*** Opening Data below ***
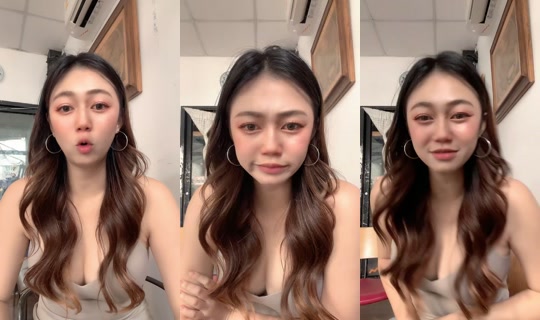 helloaom TikTok Live — Oct 5, 2026, 9:01 AM
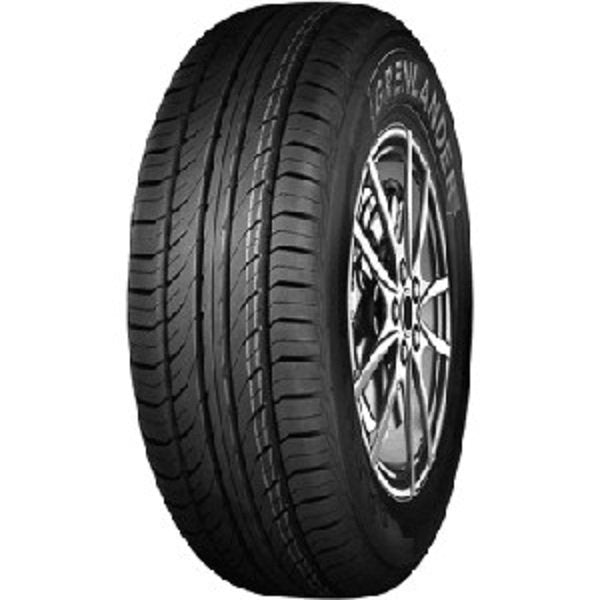 Grenlander Sommerreifen 					Colo H01 
					
						225/60R15 96V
*** Closing Data below ***
Write out the data once more exactly, omitting the pictures.

▸ **Exercise solution**
 helloaom TikTok Live — Oct 5, 2026, 9:01 AM
 Grenlander Sommerreifen 					Colo H01 
					
						225/60R15 96V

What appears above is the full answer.